When Hitch is being shaved, sometime after the North by Northwest premiere (8 July 1959), Peggy tells him that 20th Century Fox is offering him to direct The Diary of Anne Frank. "Diary" was already finished and premiered in March 1959, so such an offer would not have been made in that same year.
Dean Martin's recording of "Ain't that a Kick in the Head" plays when Janet Leigh meets the Hitchcocks prior to the start of filming. Filming on Psycho ended on February 1, 1960. The song wasn't recorded until May 10, 1960.
When Hitchcock arrives at the Paramount lot in 1959, water tower in background bears stylized studio logo not introduced until 1968, after the studio was acquired by Gulf and Western.
When Alma and Whit are driving up the Pacific Coast Highway, the double centerline is yellow. In 1960, it would have been white.
When Hitch is seated in front of his TV set watching a cartoon while listening to a classical record album, the piece that is heard, which is correctly credited, is the scherzo movement from Ludwig van Beethoven's 3rd Symphony (Eroica). However the record album cover that is on top of the TV-stereo console is entitled "Beethoven Overtures."
Hitchcock addresses the film music composer as "Bernie." Virtually no one called Bernard Herrmann that; those who were close to him called him "Benny."
While Hitch is in the middle of a chapter of "Psycho", Alma takes the book from him. He takes it back but continues reading from the beginning of another chapter.
When Hitch is finished being shaved in the barber's chair we see shaving cream residue on his cheeks. When he looks at his reflection in the hand mirror, the residue is gone, but when we see him from the front again, the residue is back.
Portrays principal photography and Alfred Hitchcock's office as being on Paramount Studios' backlot. In reality, as Psycho was the last picture the director would make under his contract with Paramount, by the time filming began his office, as well as the sets, had moved to his new studio, Universal.
In the on-set scene in which Arbogast (Martin Balsam in the original Psycho) is about to be stabbed, Anthony Perkins' character is seen sitting nearby in drag as Norman-as-Mrs.-Bates. In reality, Anthony Perkins was not even on set this day (Alfred Hitchcock used a female "little person" as a double so audiences wouldn't be tipped off to the murderer's true identity by Perkins' height.) In fact, the only time Perkins actually appeared onscreen as Mrs. Bates was during the big-reveal climax in the fruit-cellar. Doubles and stand-ins were also used during the shower murder for reasons of convenience and deception.

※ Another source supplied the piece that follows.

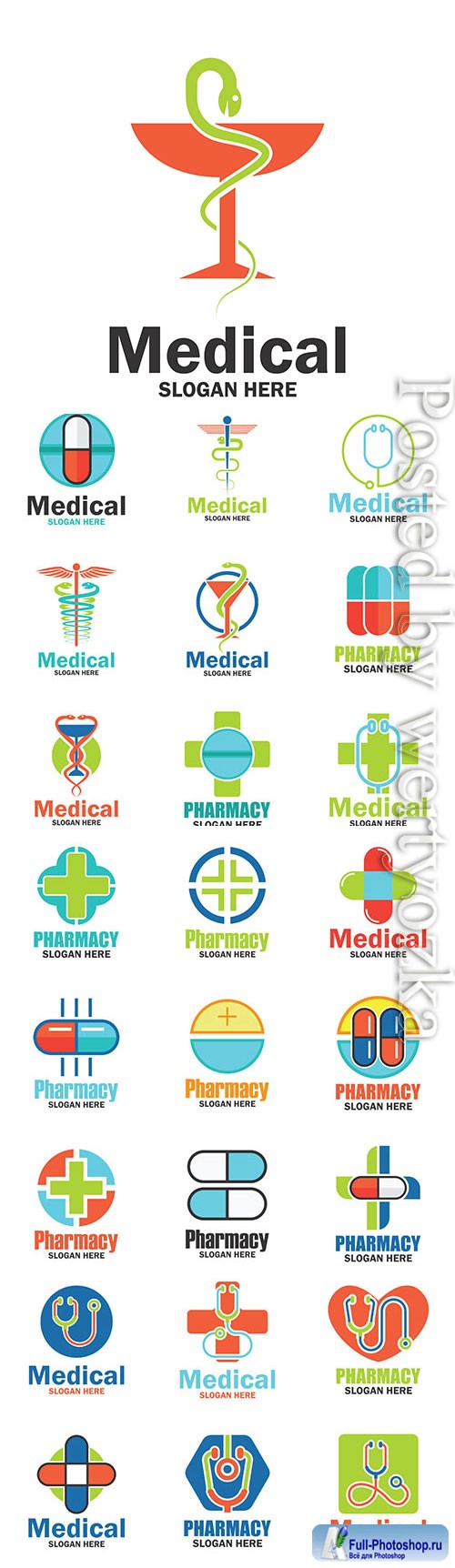 Medicine logos in vector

The film presents several erroneous facts about real life killer Ed Gein:
1. The film opens with Ed Gein killing his brother,Henry with a shovel in 1944; actually, the police investigated Henry Gein's death at the time and found no evidence of foul play- and the official coroner's report states that Henry Gein died of asphyxiation while fighting a fire on his property. While many authors have suggested that Ed murdered his brother (especially after the revelations of Ed's later activities) this has never been proven.
2. At one point, when talking to his secretary, Hitchcock (Anthony Hopkins) refers to Ed Gein as "the mass murderer from Wisconsin". In reality, there were only two confirmed murder victims of Ed Gein, which, although terrible, hardly constitutes a "mass".

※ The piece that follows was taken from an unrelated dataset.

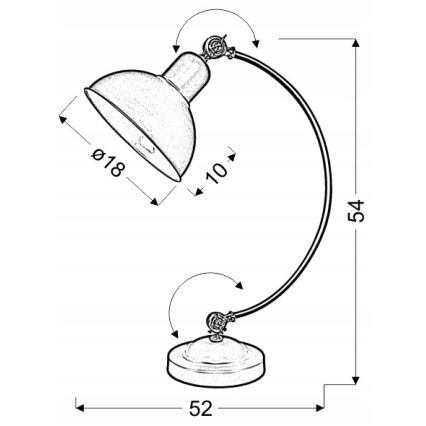 Stona lampa OLD 1xE27/40W/230V bela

Finally, in the same conversation, Hitchcock refers to Gein as "the boy who dug up his own mother". Although Ed Gein was a proven grave robber- which was and is a terrible crime- there is nothing in historical records of his crimes mentioning- or even suggesting- that he exhumed his own mother's remains.
At two occasions we see the famous Bates Mansion in the background, facing the right side of the house, opposite of how it appears in Psycho. Originally the house was constructed with only 2 walls - the left and front facade.

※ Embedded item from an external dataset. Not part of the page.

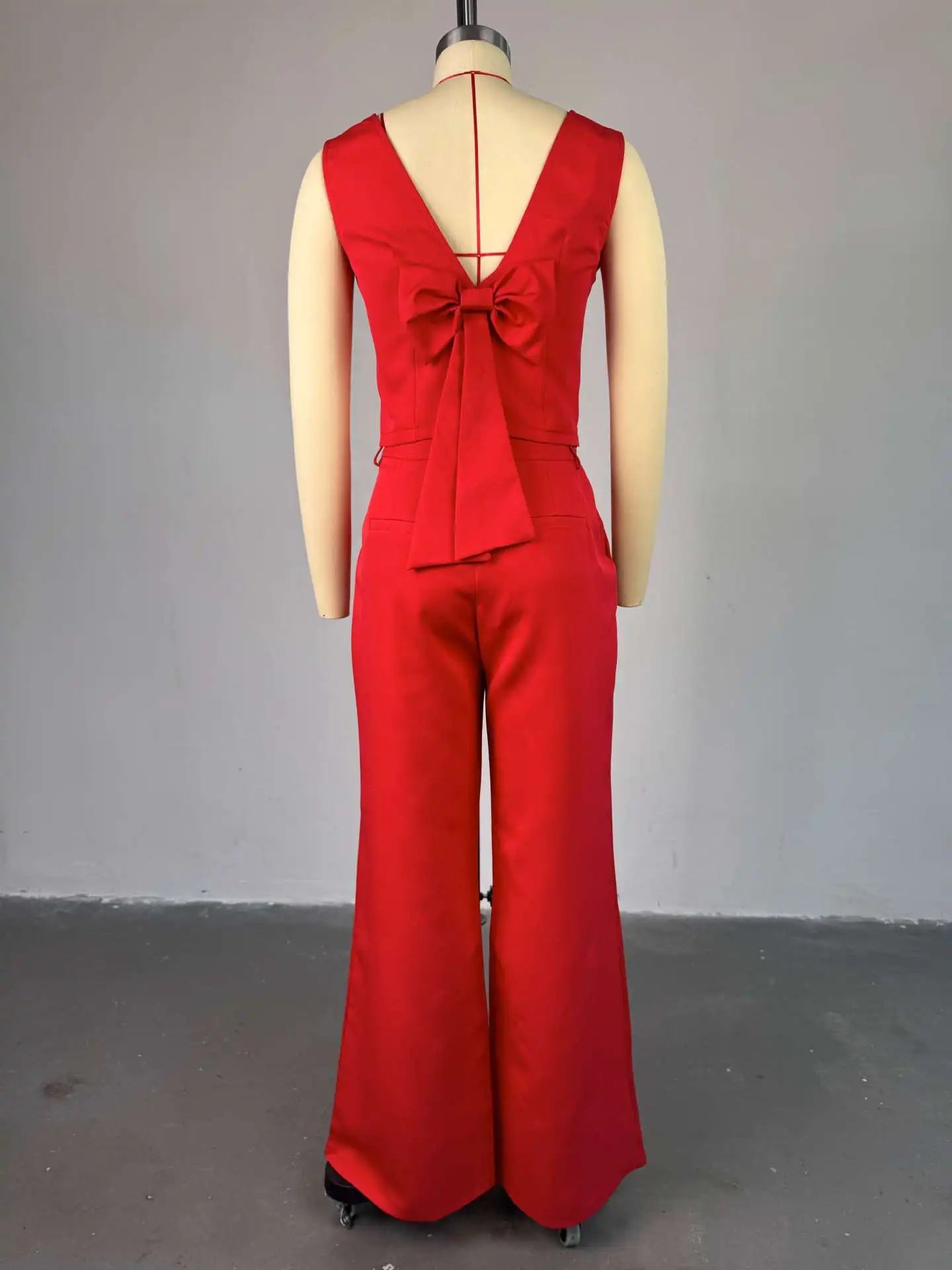 Two Piece Sets Women Pant Set Sleeveless V Neck Casual Pants Y2k Tops Wide Leg Long Pants High Waist Elegant Party Streetwear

As Alfred Hitchcock is reading the London Times over his breakfast you can clearly see a news report of "The King Speaks to all Britons". Great Britain has had Elizabeth II as monarch since 1952.
Hitchcock talks about a quote from the New York Times and says there is an "accompanying list", but the paper he is reading which contains that list is clearly The Times, aka the London Times.
When Hitch is in the meeting with the censors, the stenographer is clearly faking the keystrokes.